Gnuritas

aug 17, 2009

Recompressing (optimising) PDF files

There are at least three ways to do this in Ubuntu. You will need the packages ghostscript (for all methods, but installed by default) and pdftk (for method 2), and optionally a Java Runtime Environment (for method 3).

Method 1: ps2pdf

The ps2pdf script that comes with Ghostscript is meant to convert PostScript to PDF, but it will happily take PDF-files as input. Just try: ps2pdf input.pdf output.pdf

You can add GhostScript options to control the PDF-output. To get smaller files you can try adding one of the preset-options: -dPDFSETTINGS=/ebook or -dPDFSETTINGS=/screen

For more advanced settings: http://pages.cs.wisc.edu/~ghost/doc/cvs/Ps2pdf.htm

Note that the screen preset converts all images to sRGB and converts to PDF 1.3 which does not support all types of gradients and transparency. In some cases this may cause text to be converted into an image. Also, GhostScript does not seem to do a great job at converting CYMK colours to sRGB, so if your colours come out looking all weird after conversion your original document probably used CYMK colours.

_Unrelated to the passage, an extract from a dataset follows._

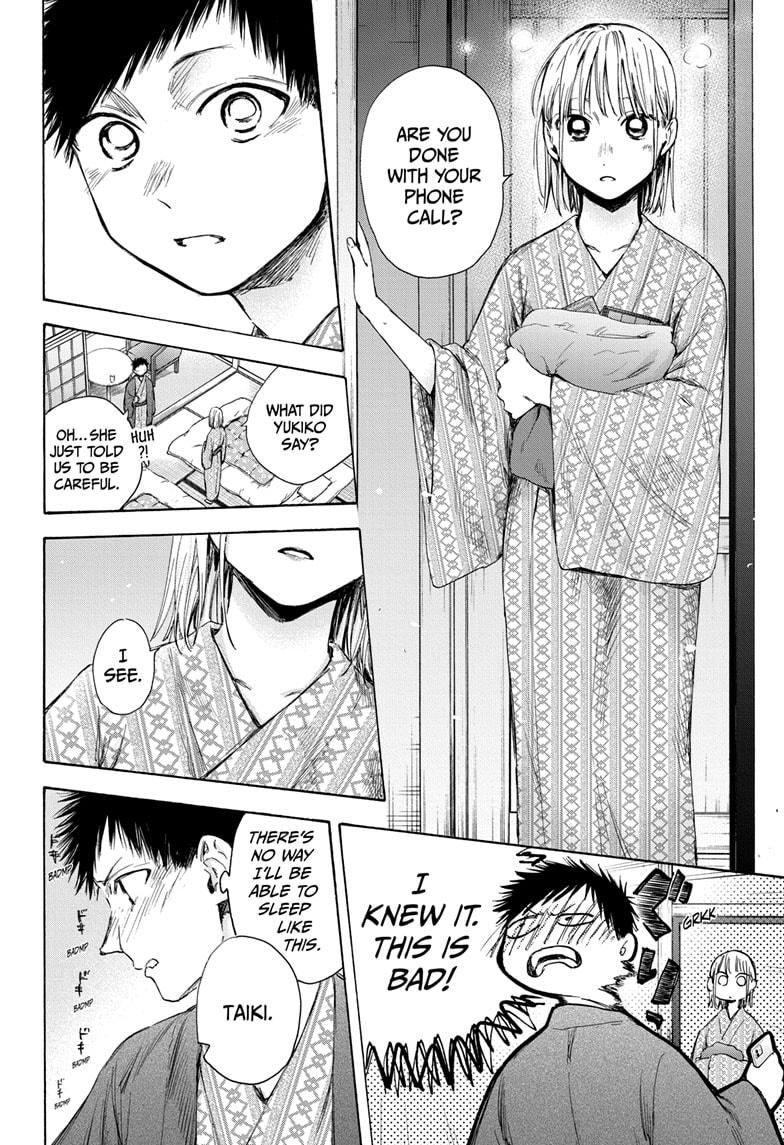 Blue Box Chap 47 - Next Chap 48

In such cases I first convert to a PDF-file with device-independent colours (where possible, and otherwise they should be kept as CYMK), and then run a second pass in which I compress the file but keep it as PDF 1.4 (or a higher version, which you should specify with a switch such as -dCompatibilityLevel=1.5):

ps2pdf -dColorConversionStrategy=/UseDeviceIndependentColor -dUseCIEColor input.pdf input-ciecolor.pdf

ps2pdf -dColorConversionStrategy=/UseDeviceIndependentColor -dUseCIEColor -dColorImageDownsampleType=/Bicubic -dColorImageResolution=72 -dGrayImageResolution=72 -dMonoImageResolution=300 -dDownsampleColorImages=true -dDownsampleGrayImages=true -dDownsampleMonoImages=true -dOptimize=true -dProcessColorModel=/DeviceCMYK input-ciecolor.pdf output-screen.pdf

At least this shouldn’t make things worse with regard to colour, and it also retains your text as text.

Method 2: The compress-newsletter script

The above methods works well, but you will probably lose any metadata in the document, including bookmarks, author information, etc.

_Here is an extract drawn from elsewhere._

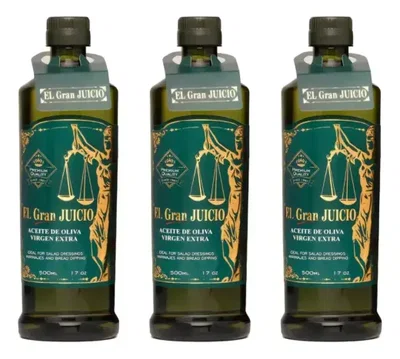 Aceite de oliva "El gran Juicio" 500cc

If you need to keep metadata, you can try the following perl-script. It was especially written to recompress Scribus PDF output without losing metadata:

http://www.capca.ucalgary.ca/~wdobler/utils/compress-newsletter.html

Method 3: Multivalent

A Java-based browser and toolbox for digital documents: http://multivalent.sourceforge.net/

You’ll need to download the jar-file. It has a recompression class that you can run from the commandline. For example:

CLASSPATH=":/usr/local/lib/Multivalent20060102.jar" java tool.pdf.Compress -jpeg input.pdf

(This assumes of course that you’ve copied the jar-file to /usr/local/lib first, e.g. sudo mv ~/Desktop/Multivalent20060102.jar /usr/local/lib)

This method is easy, but may or may not work well depending on the input file so be sure to always check your output!